To me, the big story is… Weiner can’t even provide an ESTIMATE.  HE SAYS HE’S NOT SURE.  How is it possible not to know how many people you’ve been sexting with?  He’s either completely out of control, or so predisposed to lying that he still can’t bring himself to come completely clean.  Maybe he’s so deluded about his intellect and so ambitious to be mayor, he still thinks there is something to be gained by hedging.

I have been wondering how many men, when caught dead to rights in an indiscretion, get creative about the duration?  Once, a married male friend confided in me – out of the blue – that he’d been unfaithful to his wife years before. He claimed the affair lasted just three weeks.  Three weeks, I wondered?  How many men have affairs that last less than one month?

I later learned from mutual friends that the affair had in fact lasted months longer; he’d looked straight into my eyes, and lied about it.  I still scratch my head about this.  Why did he bother confessing — since I had never suspected and it was none of my business anyway – only to lowball how long his affair had lasted?  If his goal had been to get it off his chest, how much guilt can a half-truth alleviate?

Watching Weiner, I am reminded of John Edwards, and the public revelations of his affair with Rielle Hunter. Edwards also clung to his lies well past their expiration date. In her book Resilience: Reflections on the Burdens and Gifts of Facing Life’s Adversities, his terminally ill wife Elizabeth wrote about the day he revised his account of his relationship with Hunter.  I paraphrase as follows:

“Honey, remember when I said it was just a one night stand, and that the baby isn’t mine?  Well, I wasn’t entirely honest.”

“OK, what part is true?”

“Um… none of it?”

The Weiner debacle has become so sad and tawdry, as a former New Yorker I have to avert my eyes.  Polls show him in fourth place among the mayoral candidates, and most voters say they wish he’d drop from the race.  He’s making videos, eluding to the City’s 9/11 fortitude as the reason he won’t bow out, and flexing his hipster vernacular as he describes how New Yorkers “roll”.  He’s even suggested that his still-burning shame will make him a better mayor.  (Don’t ask me, I don’t understand it either.)

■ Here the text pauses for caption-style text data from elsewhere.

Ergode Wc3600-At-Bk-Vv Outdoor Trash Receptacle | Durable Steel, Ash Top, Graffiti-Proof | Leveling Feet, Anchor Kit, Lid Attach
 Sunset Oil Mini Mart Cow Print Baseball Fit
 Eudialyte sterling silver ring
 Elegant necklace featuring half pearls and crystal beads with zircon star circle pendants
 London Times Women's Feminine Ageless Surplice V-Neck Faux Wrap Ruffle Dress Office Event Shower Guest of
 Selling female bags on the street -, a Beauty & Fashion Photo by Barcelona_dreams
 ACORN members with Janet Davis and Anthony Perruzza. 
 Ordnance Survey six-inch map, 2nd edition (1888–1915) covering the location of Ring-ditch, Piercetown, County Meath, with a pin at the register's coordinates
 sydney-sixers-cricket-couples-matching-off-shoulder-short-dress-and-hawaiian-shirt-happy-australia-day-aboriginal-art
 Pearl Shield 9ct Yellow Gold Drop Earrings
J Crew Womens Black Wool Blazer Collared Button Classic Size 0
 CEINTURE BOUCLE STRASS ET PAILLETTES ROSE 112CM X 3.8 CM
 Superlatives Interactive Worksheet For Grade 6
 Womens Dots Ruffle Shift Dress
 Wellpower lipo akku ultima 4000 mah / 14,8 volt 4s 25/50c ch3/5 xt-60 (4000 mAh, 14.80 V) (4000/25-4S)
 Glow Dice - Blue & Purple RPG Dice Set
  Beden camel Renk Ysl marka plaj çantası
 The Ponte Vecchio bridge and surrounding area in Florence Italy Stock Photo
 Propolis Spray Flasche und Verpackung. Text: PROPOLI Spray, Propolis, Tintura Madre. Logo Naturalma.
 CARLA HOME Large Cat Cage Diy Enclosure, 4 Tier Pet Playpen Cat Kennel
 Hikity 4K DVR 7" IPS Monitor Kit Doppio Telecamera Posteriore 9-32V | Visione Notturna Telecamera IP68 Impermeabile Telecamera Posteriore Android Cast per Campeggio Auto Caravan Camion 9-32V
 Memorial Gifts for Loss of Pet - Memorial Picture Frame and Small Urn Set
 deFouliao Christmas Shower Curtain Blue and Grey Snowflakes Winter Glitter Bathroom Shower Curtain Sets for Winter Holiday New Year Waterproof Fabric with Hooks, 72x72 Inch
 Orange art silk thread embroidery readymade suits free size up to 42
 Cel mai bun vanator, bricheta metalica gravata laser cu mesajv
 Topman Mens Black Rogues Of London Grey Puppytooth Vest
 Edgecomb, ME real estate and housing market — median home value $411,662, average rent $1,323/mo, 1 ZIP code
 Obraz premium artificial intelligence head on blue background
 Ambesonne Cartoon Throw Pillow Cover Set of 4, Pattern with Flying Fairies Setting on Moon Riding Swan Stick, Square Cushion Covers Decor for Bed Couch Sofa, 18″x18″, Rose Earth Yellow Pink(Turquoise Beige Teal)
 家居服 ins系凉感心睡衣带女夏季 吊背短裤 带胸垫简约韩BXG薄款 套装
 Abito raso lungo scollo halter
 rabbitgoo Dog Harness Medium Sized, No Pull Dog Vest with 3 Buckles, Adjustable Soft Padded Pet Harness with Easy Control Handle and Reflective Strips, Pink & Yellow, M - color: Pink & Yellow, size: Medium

“It’s not about me,” Weiner says. “It’s about the citizens of New York.”

Listen, there is an entire Wikipedia page devoted to Anthony Weiner’s sexting scandal, and that fact alone should preclude his candidacy for higher office, don’t you think?

No one really cares how many more of his BFFs are out there – even if he finally told the truth, we’re way past the point of believing.  If he is truly devoted to New Yorkers, the greatest gift he can give them is to unplug the Wi-Fi, step away from Instagram and maybe take an extended vacation to Pennsylvania Amish country.

I’ll even pitch in for bus fare.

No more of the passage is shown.